漢方では、更年期の症状は「腎」と「肝」の病気と考えています。漢方で言う「腎」は腎臓のはたらきと内分泌や泌尿生殖器系のはたらきがあると言われ、「肝」は肝臓のはたらきと自律神経を調節するはたらきがあると考えられています。更年期には、老化による「腎」のはたらきの低下やストレスによる「肝」のはたらきが低下し、さまざまな精神症状や身体症状が現れやすくなります。

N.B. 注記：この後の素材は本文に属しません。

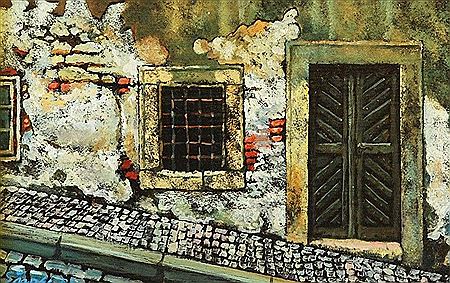 Old Prague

また、漢方では、更年期症状ののぼせ、ほてりの原因は、“精”を宿す、「腎(じん)」が関わると考えられています。「精(せい)」とは、生命エネルギーのことを指します。精は腎に収められているため、「腎精(じんせい)」「腎陰(じんいん)」などとも呼ばれます。精は食事を摂ることで作られる「気」や「血」の一部が生まれ変わったもので、生命活動を営む上で消費されていきますが、日々補充もされていきます。年齢をかさねると、いわゆる肉体の衰え、腎精不足によるのぼせ、ほてり、などの症状があらわれてきます。人は腎精が不足すると手足がほてるという性質をもちます。そうした症状に適した漢方薬が「六味丸(ろくみがん)」です。その「六味丸」をベースに、知母、黄柏を加えたものが「知柏地黄丸」です。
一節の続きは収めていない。